When Brighton appointed Roberto De Zerbi, a significant amount of criticism exuded from British pundits.
Former Liverpool player and manager Graeme Souness spearheaded the charge of skepticism, stating De Zerbi’s appointment was a large “risk” because he “doesn’t know” the English game. Souness also took it upon himself to critique the Italian manager’s track record, interpreting it as a bad sign that he’s coached seven teams in nine years.
“If you’re an outstanding coach, people want to hold onto you,” the pundit claimed. Though a rather naive statement, he didn’t stop there.
While Brighton’s upper management was impressed by De Zerbi’s knowledge of the club, Souness wasn’t as moved. “He’s gone for an interview, so he spends a couple of hours on the internet. That’s not the work of a genius.”
The comments felt unnecessarily harsh and overly critical for a young coach that was simply hired for a job. Souness’ words didn’t just make it out to be a bad hire, but it painted De Zerbi as undeserving — a rather unfair characterisation.
It’s true that the managerial sphere can often be considered far from a meritocracy, but De Zerbi’s rise is one that can easily be understood. Through a culmination of results, beautiful football, and innovative ideas, the Italian manager has climbed from coaching in Serie D to the Premier League in less than a decade. His recent achievements with Sassuolo and Shakhtar made him a hot commodity on the coaching market, and Brighton were the first to cash in on his availability.
While blind praise isn’t necessary, De Zerbi deserved at least an iota of respect, rather than be the subject of vitriol. To act as if his coaching experience and knowledge wouldn’t translate to the English game is not only stubborn, but a rejection of the idea that football is a universal language.

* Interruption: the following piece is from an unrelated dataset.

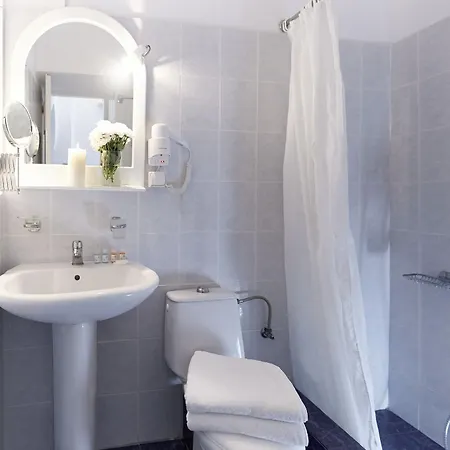 Milos Hotel 4*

Perhaps no one exemplifies this better than Pep Guardiola, who dominated in Spain and Germany before conquering English football, winning four Premier League trophies in five years. Pep recently credited De Zerbi with “changing many things in English football,” and complimented the Italian manager’s tactics, stating, “People said: you can’t play the ball from defense in the Premier League. He’s doing that, and incredibly well.”
Guardiola is describing De Zerbi’s high-risk, high-reward approach, characterized by inviting opponents to press the team in their own half. Coupled with a possession-based, free-flowing approach that is inherent to De Zerbi’s footballing philosophy, Brighton have taken world football by storm due to their attractive style of play.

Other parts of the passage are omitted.